The leading provider of In-Home Video EEG Testing in the United States hired Positronic in a consultative capacity to train deep learning models to diagnosis certain disease states in near real time. The stated goal of the client’s initiative is to improve the quality and data of neurophysiology studies. What follows is some information about the work we did to facilitate the goal of AI interpretation of EEGs. All of the work falls either under trade secrets or is now patent-pending. The discussion here is intentionally vague to honor NDAs and trade secrets.
The first major challenge to overcome is convert tens of years of human-generated data into data fit for consumption by a neural net. Humans are notoriously ambiguous. For example, would you label the following paragraph, taken without alteration from an actual clinical report, as normal or abnormal?
This study is normal. There were no interictal epileptiform discharges nor seizures recorded. This continuous video/EEG monitoring is abnormal due to the intermittent slowing of a posterior dominant rhythm and rudimentary polyspike discharges. There were no seizures recorded.
Existing NLP technologies, consisting of some combination of off-the-shelf libraries (notably Stanford CoreNLP) and convolutional-based neural networks, was critically deficient at classifying the narrative structure of the clinical reports. Positronic invented a novel new approach to NLP that successfully classified these reports with a greater than 98% accuracy (audited by certified neurologists).

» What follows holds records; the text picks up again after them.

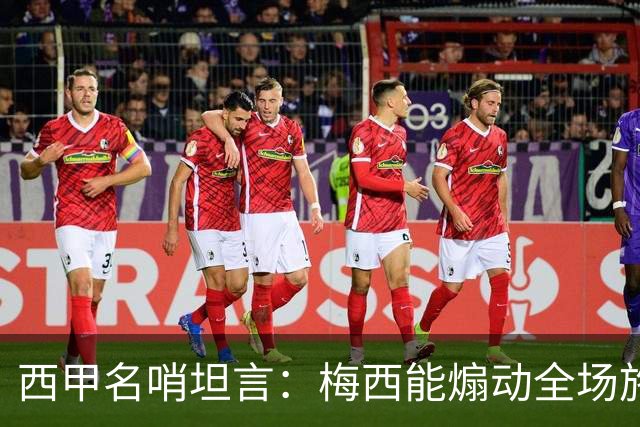 西甲名哨坦言：梅西能煽动全场施压裁判，却一次都不用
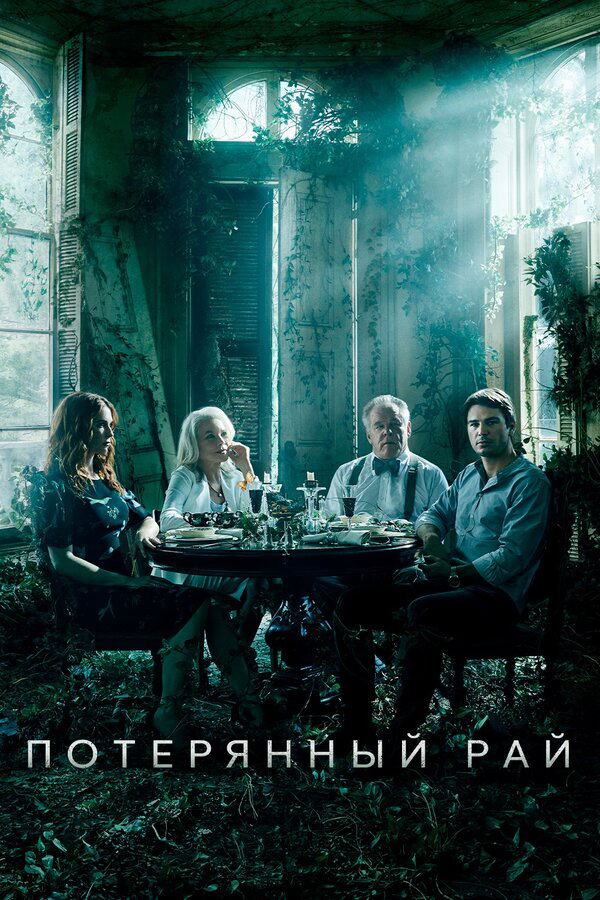 Постер сериала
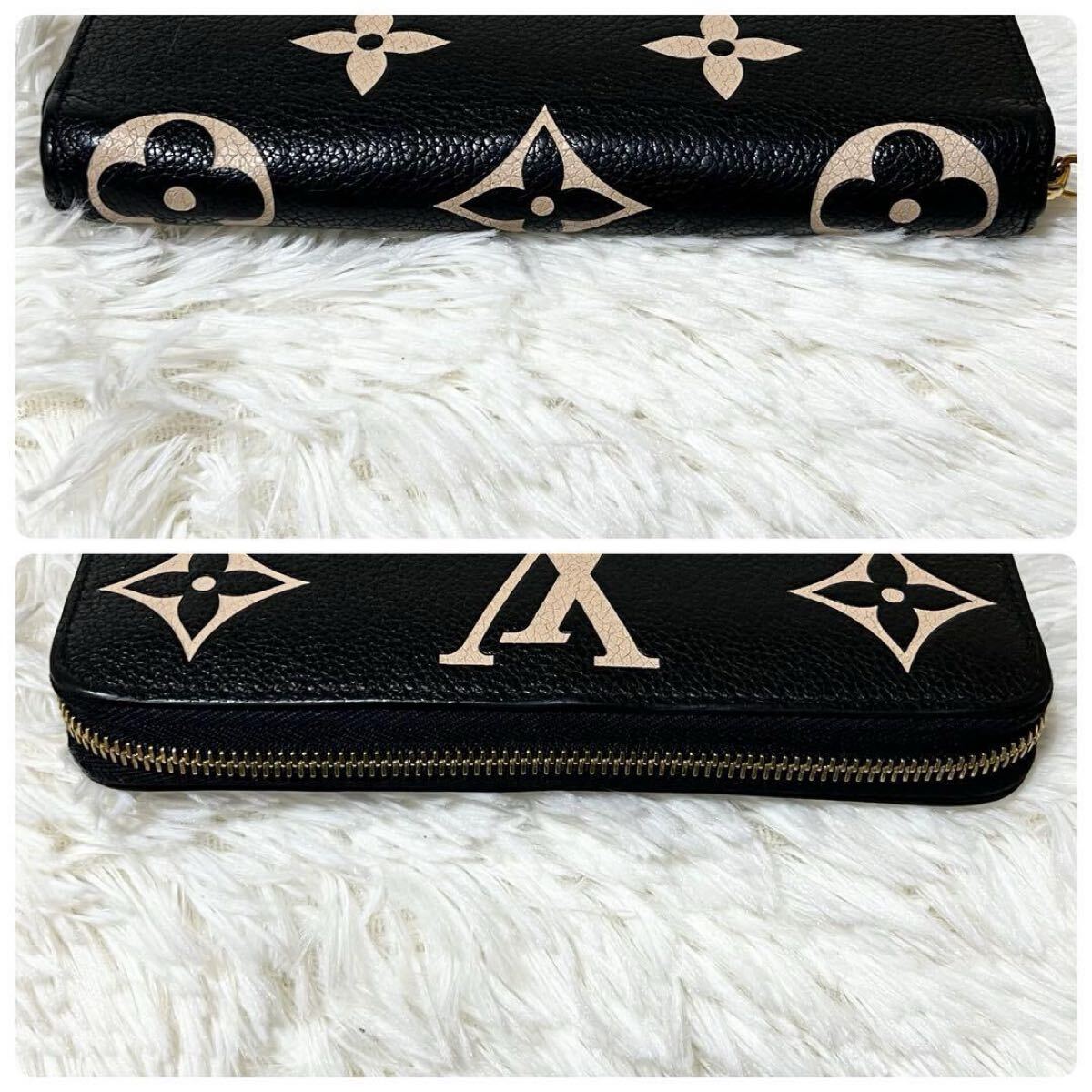 美品 現行 Louis Vuitton ルイヴィトン ジッピーウォレット 長 美品 現行 Louis Vuitton ルイヴィトン ジッピーウォレット 長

The second major challenge to overcome was the raw data itself. Consider that each sample of data is an electroencephalogram (EEG) file segment of up to 72 hours of data taken at 200hz over 19 spatially-related channels. Compounding the challenge is that the signals that provide separation are varied, sparse, and not uniformly distributed. In fact, a signal may occur in less than single second within a single channel data, meaning or put another way, only a hundred data points out of more than a billion.
This third major challenge to overcome was that the compute power required to train this scale of neural net on this scale of data simply didn’t exist. In fact, we were invited by NVIDIA to train on two of their supercomputers (DGX-2) that they supplied for two months. It was their hope that they could use the success story in marketing literature for these half-million dollar machines. Over those two months even their team was unable to garner more than a 4x improvement over our more pedestrian hardware which came a tenth of the cost. You can read more about the effort and see screenshots here.
Ultimately, the solution to the problem was to develop new optimization tools, both inside and outside the architecture of the neural network itself. Applying these tools (patent-pending) resulted in 100x speed-up in processing time, making the training possible.
This fourth major challenge to overcome was that existing off-the-shelf neural network architectures were simply unable to learn. Positronic created 5 new novel neural network technologies, including but not limited to innovative pooling techniques, gradient descent improvements, sub-signal processing, and normalizations. All five of these technologies are going through the patent process.